### Prompt:
Extract, exactly as written, each line from the start of the records below to the line containing "KanademonoのFEN", both ends included; drop the pictures.

(Records for the task)

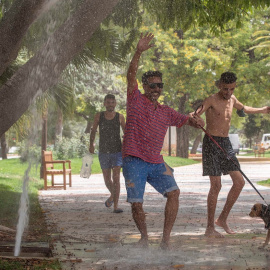Varias personas se refrescan en una boca de riego en un jardín de Murcia.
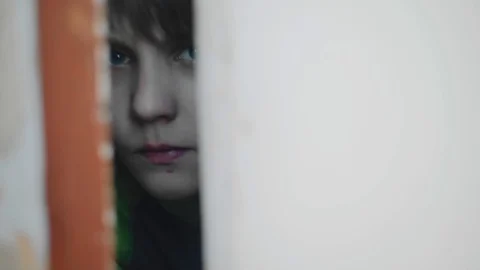 A frightened boy peeks through a crack in the door. Interesting look Видео 130049020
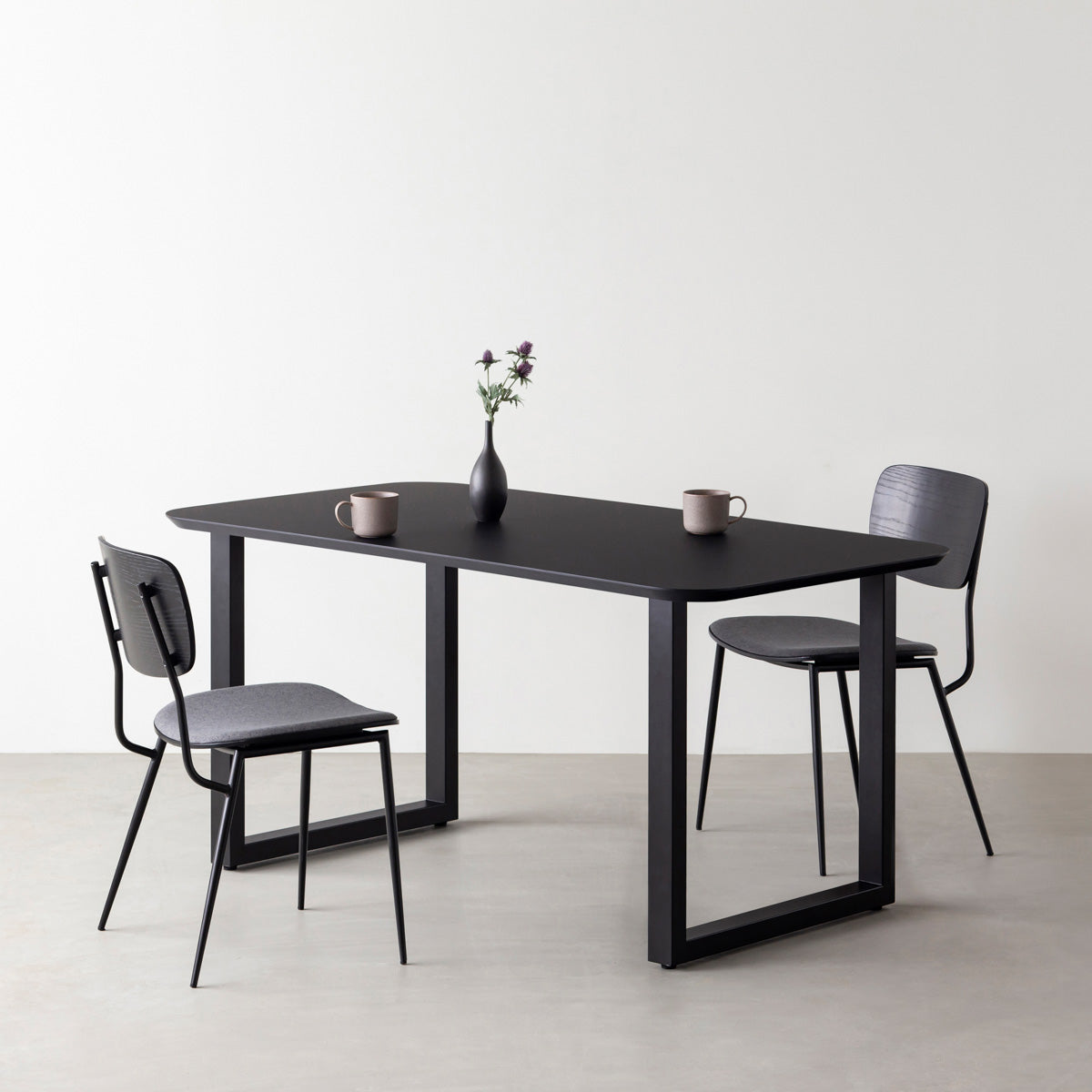 KanademonoのFENIX 天板ブラックにマットブラックのスクエア鉄脚を組み合わせた、優れた性能と美しさを併せもつ新しいテーブル（ダイニング使用例）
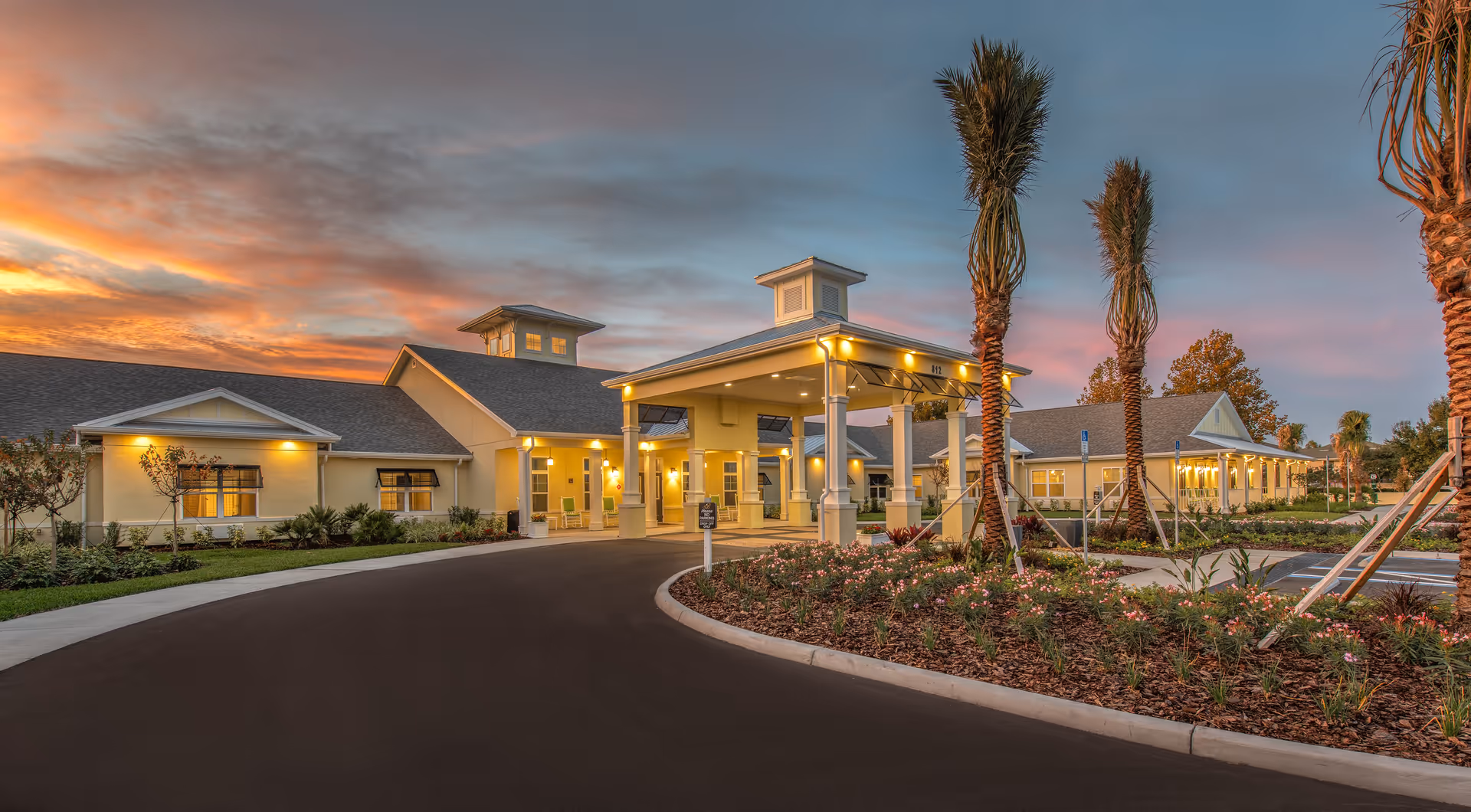Sunset exterior view of The Addison of Port Orange facility with entrance, palms, and landscaped drive.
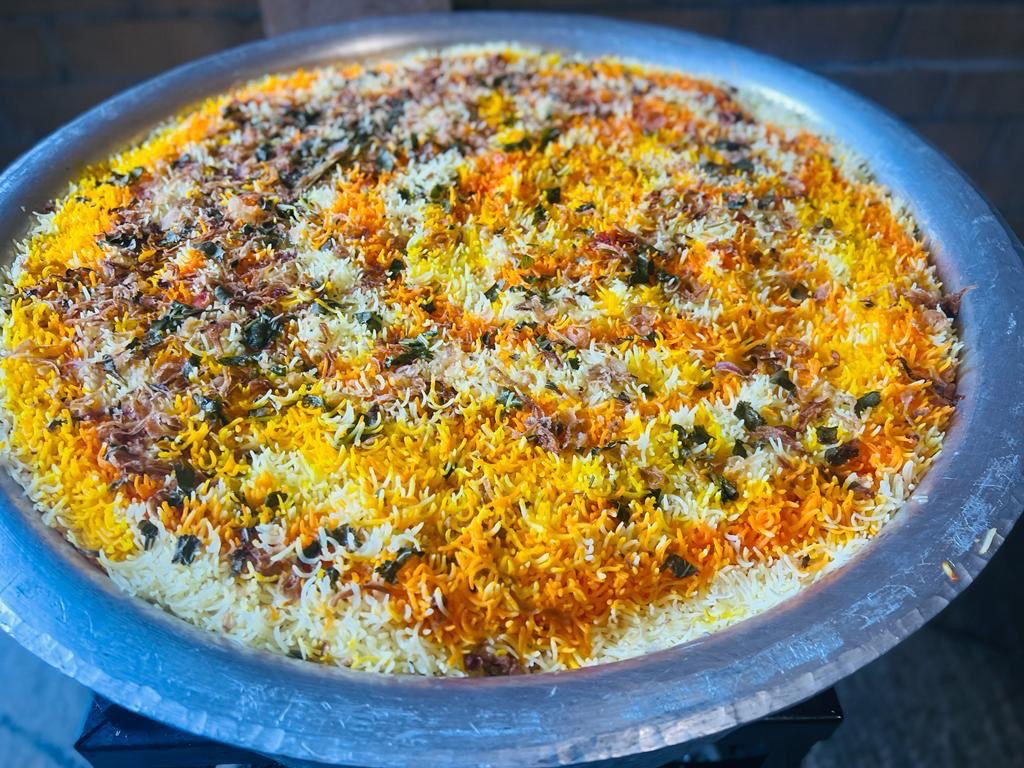 A large catering tray of garnished biryani prepared for a bulk order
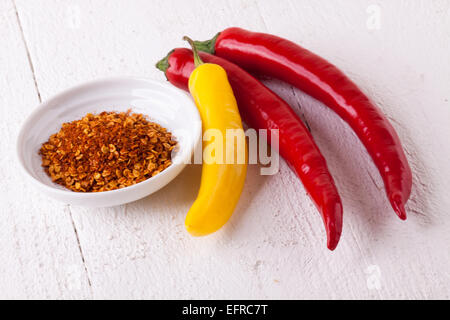 Fresh red Chili Peppers et jaune avec un petit bol de poivre de Cayenne séché utilisé comme épice chaude et la saveur piquante assaisonnement Banque D'Images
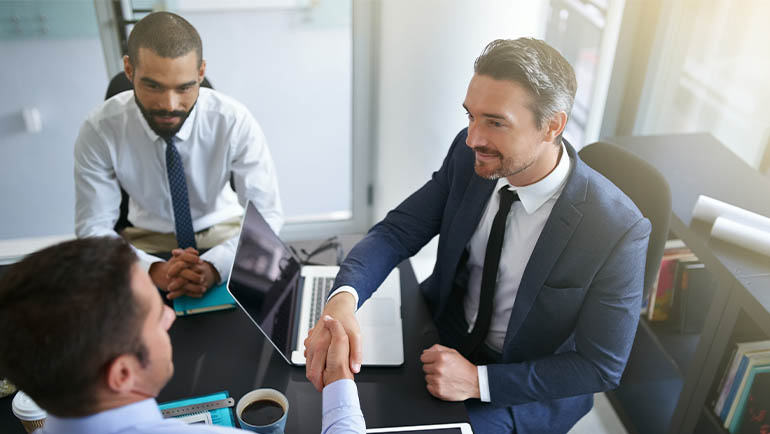 Businessmen shaking hands in an international bank office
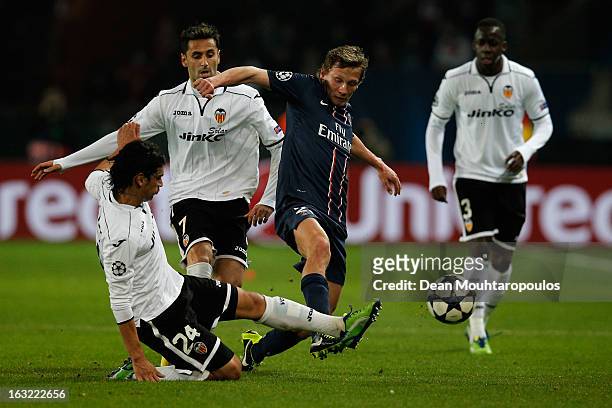 Clement Chantome of PSG and Tino Costa of Valencia battle for the ball during the Round of 16 UEFA Champions League match between Paris St Germain...
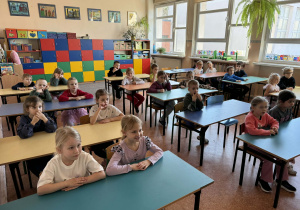 Dzieci siedzą w ławkach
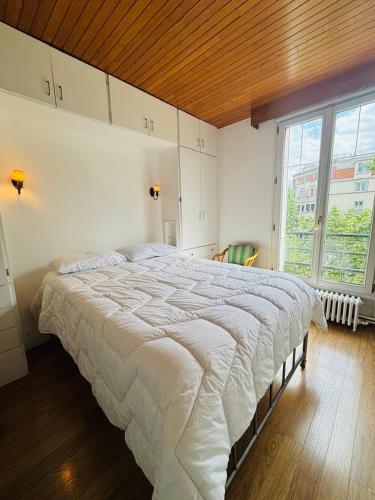 une chambre avec un grand lit avec un plafond en bois dans l'établissement Appartement Porte d'Orléans Paris, à Paris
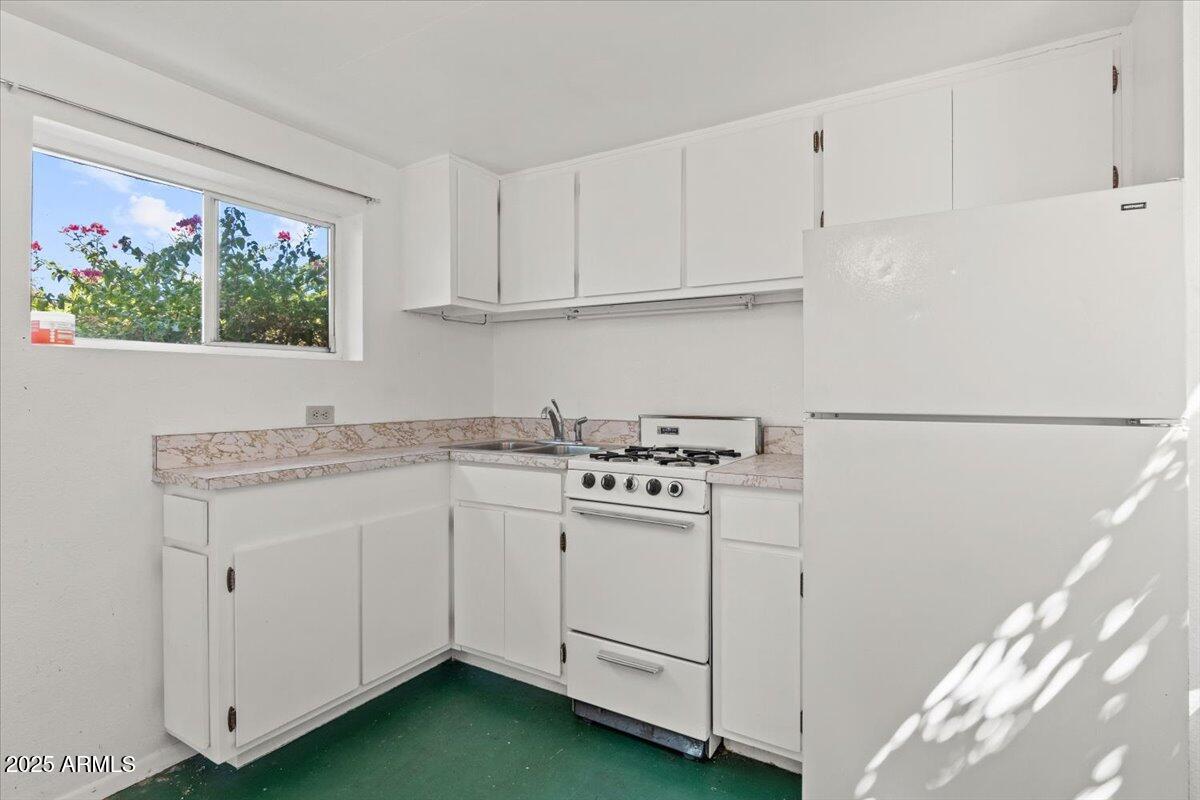 5702 East Camelback Road, Unit MEXICAN Phoenix, AZ 85251 - Photo 18 of 45 a kitchen with white cabinets sink and white appliances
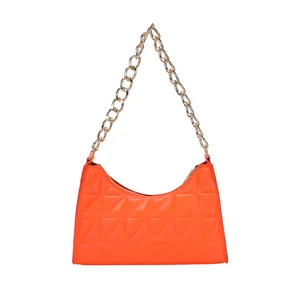 Vibrant orange quilted underarm bag with gold chain strap in a stylish square design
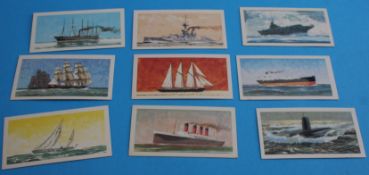 A box containing a large selection of cigarette/tea cards, various.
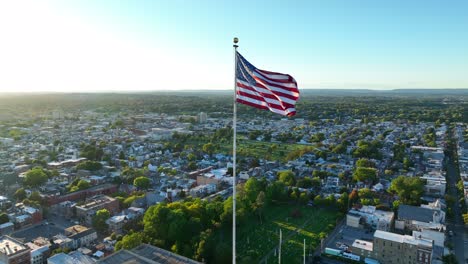 american flag waves over american city during sunset light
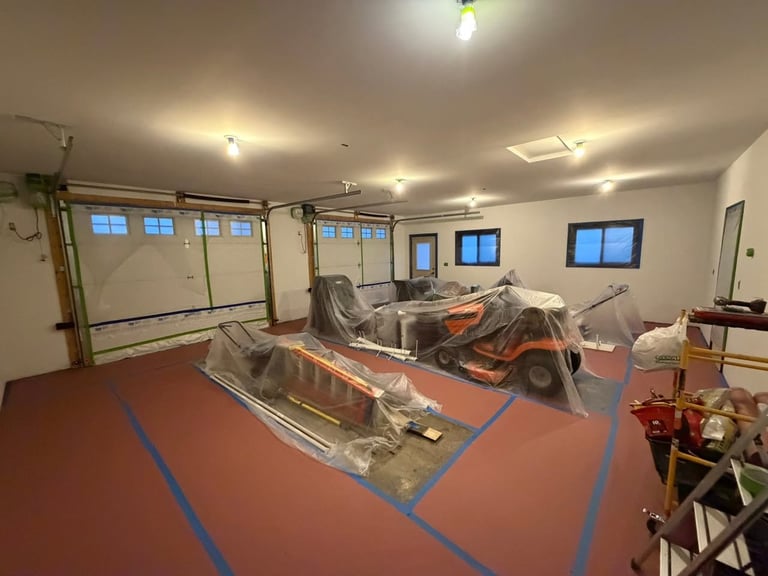 Indoor garage workshop with vehicles covered in plastic sheeting on a red floor with blue line markings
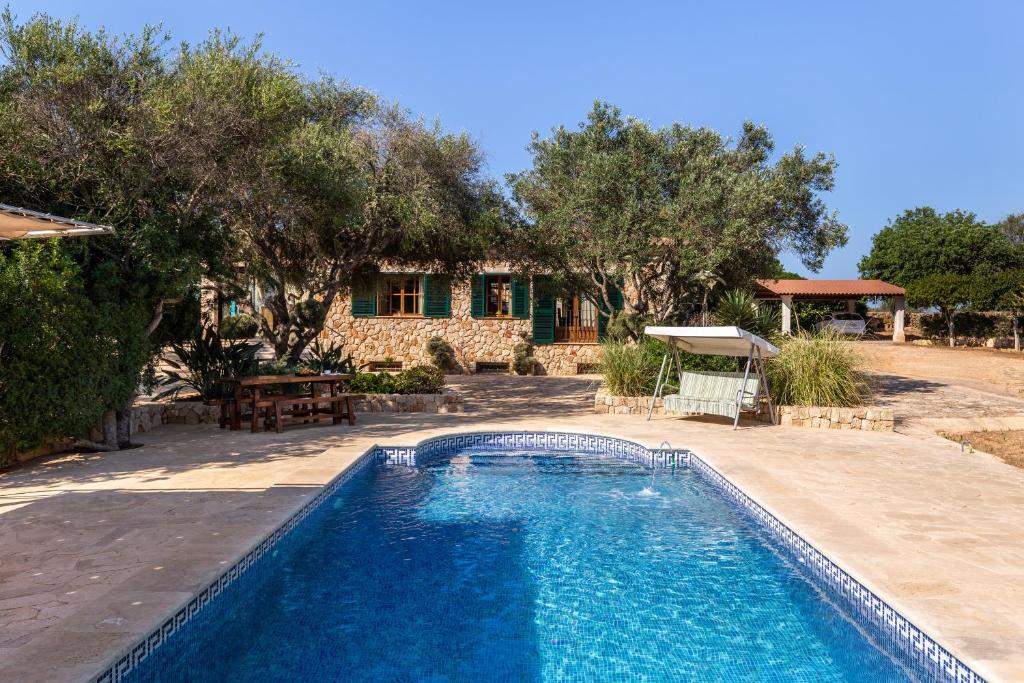 a swimming pool in front of a house at Finca Es Turo in Santanyi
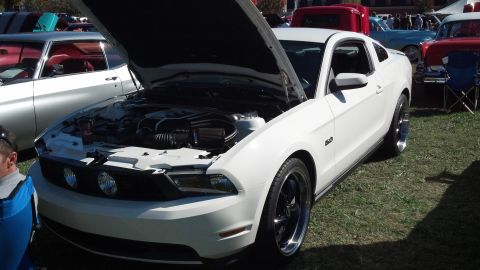 2007 Ford Mustang - A white Ford Mustang from the 2010-2014 generation is displayed with its hood up, parked on grass next to other vehicles.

(End Records for the task)

### Solution for this task:
Varias personas se refrescan en una boca de riego en un jardín de Murcia.
 A frightened boy peeks through a crack in the door. Interesting look Видео 130049020
 KanademonoのFENIX 天板ブラックにマットブラックのスクエア鉄脚を組み合わせた、優れた性能と美しさを併せもつ新しいテーブル（ダイニング使用例）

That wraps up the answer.